ARCHIVÉE - Soutien médical fourni aux opérations des Forces canadiennes

Cette page Web a été archivée dans le Web

L'information dont il est indiqué qu'elle est archivée est fournie à des fins de référence, de recherche ou de tenue de documents. Elle n'est pas assujettie aux normes Web du gouvernement du Canada et elle n'a pas été modifiée ou mise à jour depuis son archivage. Pour obtenir cette information dans un autre format, veuillez communiquer avec nous.

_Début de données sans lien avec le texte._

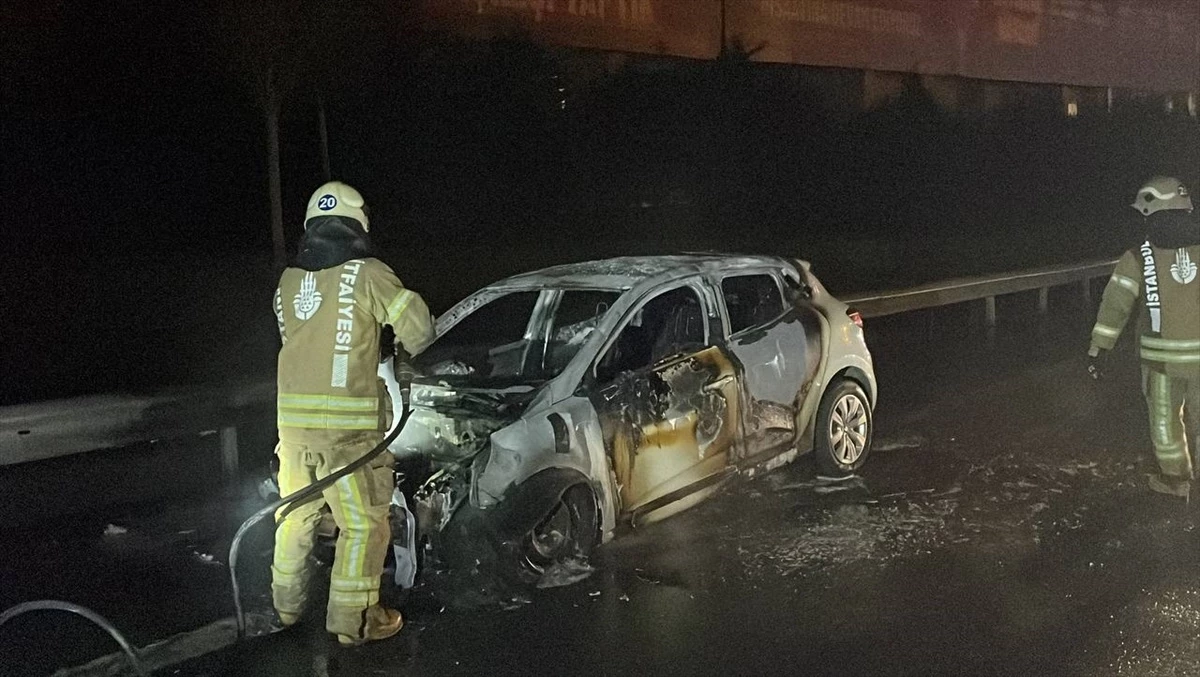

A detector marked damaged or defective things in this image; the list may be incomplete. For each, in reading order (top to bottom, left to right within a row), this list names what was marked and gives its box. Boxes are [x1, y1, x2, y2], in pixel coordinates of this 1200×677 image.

broken windshield [414, 286, 620, 380]
burned car [392, 254, 872, 576]
damaged door [592, 282, 740, 524]
damaged door [716, 272, 820, 456]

Documentation / Le 10 août 1999 / Numéro de projet : BG-99.082

Les opérations militaires d’aujourd’hui sont de plus en plus complexes et dangereuses. Depuis 1949, plus de 100 000 membres des Forces canadiennes (FC) ont servi dans des régions à l'extérieur du Canada dans le cadre de diverses opérations de maintien et de rétablissement de la paix. Même si ces rôles n'exigent pas nécessairement une participation à des opérations de combat, les militaires qui servent dans ces endroits peuvent être exposés à des conditions dangereuses auxquelles ils ne font habituellement pas face au cours du service en temps de paix. Afin de réduire au minimum les risques et les répercussions possibles des opérations sur la santé, les FC suivent un certain nombre de procédures médicales avant, pendant et après la mission.

Avant le déploiement

Avant le déploiement, le dossier médical de chaque membre des FC qui doit y participer est examiné. Les membres dont l'examen médical périodique (EMP) est valide remplissent un questionnaire médical (formule CF 2078). Un médecin militaire examine le dossier médical et la formule CF 2078 afin de s'assurer qu'il n’y a pas de conditions qui pourraient justifier un examen médical complet. Les militaires dont l'EMP n'est pas valide subissent un examen médical complet. Ces mesures servent à établir que les membres des FC qui participent à un déploiement sont en bonne forme physique et donc aptes à remplir leur mission.

Les renseignements médicaux recueillis dans la région du déploiement sont rassemblés et analysés par la section du renseignement sanitaire, au Quartier général du Groupe médical des Forces canadiennes (QG GMFC), à Ottawa. L'information à jour, détaillée et exacte est obtenue de sources publiques, de diverses organisations de santé et de nos alliés. Elle porte sur diverses préoccupations, notamment la pollution de l'air, le mal de l'altitude, les risques de maladies transmissibles à l'échelle locale et les exigences en matière d'immunisation ainsi que les ressources médicales disponibles dans le théâtre (celles qui sont fournies par le pays hôte ou les forces alliées).

Pendant le déploiement

Dans chaque unité de la taille d'un bataillon qui est déployée, on trouve un technicien de médecine préventive, qui est chargé de conseiller le médecin militaire de l'unité (MMU) au sujet de la santé publique de l'unité. Le technicien de médecine préventive recommande au MMU des façons de maintenir l'état d'hygiène général au sein de l'unité et de faire en sorte que le milieu demeure aussi sûr que possible. Il évalue aussi les dangers pour la santé auxquels les membres des FC risquent d'être exposés pendant qu'ils se trouvent dans le théâtre des opérations.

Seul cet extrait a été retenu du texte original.